Create a new Feature called DIFFERENCE IN DATES which are the number of days between the First INCIDENT DATE and COURT FILE DATE

In [25]:
df['Incident to File Days'] = (df['Court File Date'] - df['Incident Date 1']).dt.days  #in days
df.head()

Unnamed: 0,Race,Gender,Zip Code,City,Court File Date,Count (1),Charge Code 1,Severity (1),Disposition (1),Jail/Prob 1 (1),...,Incident Agency 5,Incident Date 5,Amount,Act 1,Act 2,Act 3,Act 4,Act 5,Restitution,Incident to File Days
0,W,M,94550,Livermore,2001-05-17,1,CVC 23152(a),M,G,/0003Y,...,0,NaT,0,,,,,,,60.0
1,H,M,94804,Richmond,2006-12-27,1,PC 12031(a)(1),M,DSM,,...,0,NaT,0,,,,,,,11.0
2,,,94804,Richmond,1998-04-03,1,PC 459-460(b),F,G,/0003Y,...,0,NaT,0,,,,,,,26.0
3,B,F,94565,Pittsburg,1999-02-09,1,H&S 1135O(a),F,DSM,,...,0,NaT,0,,,,,,,820.0
4,,,4553000000,Martinez,2011-07-26,1,PC 459/460(b),F,G,/0003Y,...,0,NaT,0,,,,,,,565.0


### Jail and Probation Time Features

Jail and probation times are squished into one column, and formatted oddly.

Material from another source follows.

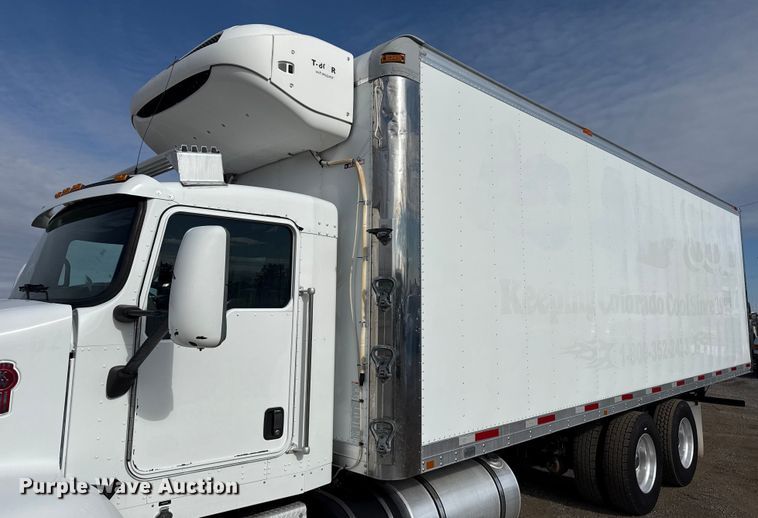 image for item EG1817 2013 Kenworth T660 box truck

Lets create a function that will separate them, and transform them into days.

In [26]:
def TimeColumns (dframe, dataCol, JailTimeOut, ProbTimeOut):
    dframe[JailTimeOut], dframe[ProbTimeOut] = dframe[dataCol].str.split('/', 1).str  # Splits into Jail and Probation Time
    dframe[JailTimeOut] = dframe[JailTimeOut].astype(str)
    dframe[ProbTimeOut] = dframe[ProbTimeOut].astype(str)
    # df[df['Jail Time'] == ''] # gives a dataframe where "Jail time" is missing
    # df.at[0,'Jail Time'] = 'nan' # turns those values into "nan"
    # df.at[2,'Jail Time'] = 'nan' # BUT ONLY IF YOU MANUALLY INSERT THE ROW NUMBERS IN!
    # df.at[4,'Jail Time'] = 'nan' # THIS SHOULD BE AUTOMATED
    # would also probably want to double check the 'Probation Time' variables
    # This function converts the Input to number of days in jail
    def DaysInJail (value):
        try:
            last_char = value[-1]
        except IndexError:
            return(0)

        DaysPerWeek = 7.0
        DaysPerMonth = 30.0
        DaysPerYear = 365.0
    
        if last_char == 'D': 
            return (float(value[:-1])) 
        elif last_char == 'W': 
            return (float(float(value[:-1]) * DaysPerWeek))
        elif last_char == 'M':
            return (float(value[:-1]) * DaysPerMonth)
        elif last_char == 'Y':
            return (float(value[:-1]) * DaysPerYear)
        else:
            return (0)  # Returns 0 if Received No Jail Time or field was empty ('nan')
    # now apply this function to the column(s):
    dframe[JailTimeOut] = dframe[JailTimeOut].apply(DaysInJail)
    dframe[ProbTimeOut] = dframe[ProbTimeOut].apply(DaysInJail)
    return dframe

Now apply this function to ALL the Jail/Prob columns.

In [27]:
TimeColumns (df, 'Jail/Prob 1 (1)', 'Jail Time 1 (1)', 'Probation Time 1 (1)')
TimeColumns (df, 'Jail/Prob 2 (1)', 'Jail Time 2 (1)', 'Probation Time 2 (1)')
TimeColumns (df, 'Jail/Prob 3 (1)', 'Jail Time 3 (1)', 'Probation Time 3 (1)')
TimeColumns (df, 'Jail/Prob 4 (1)', 'Jail Time 4 (1)', 'Probation Time 4 (1)')
TimeColumns (df, 'Jail/Prob 5 (1)', 'Jail Time 5 (1)', 'Probation Time 5 (1)')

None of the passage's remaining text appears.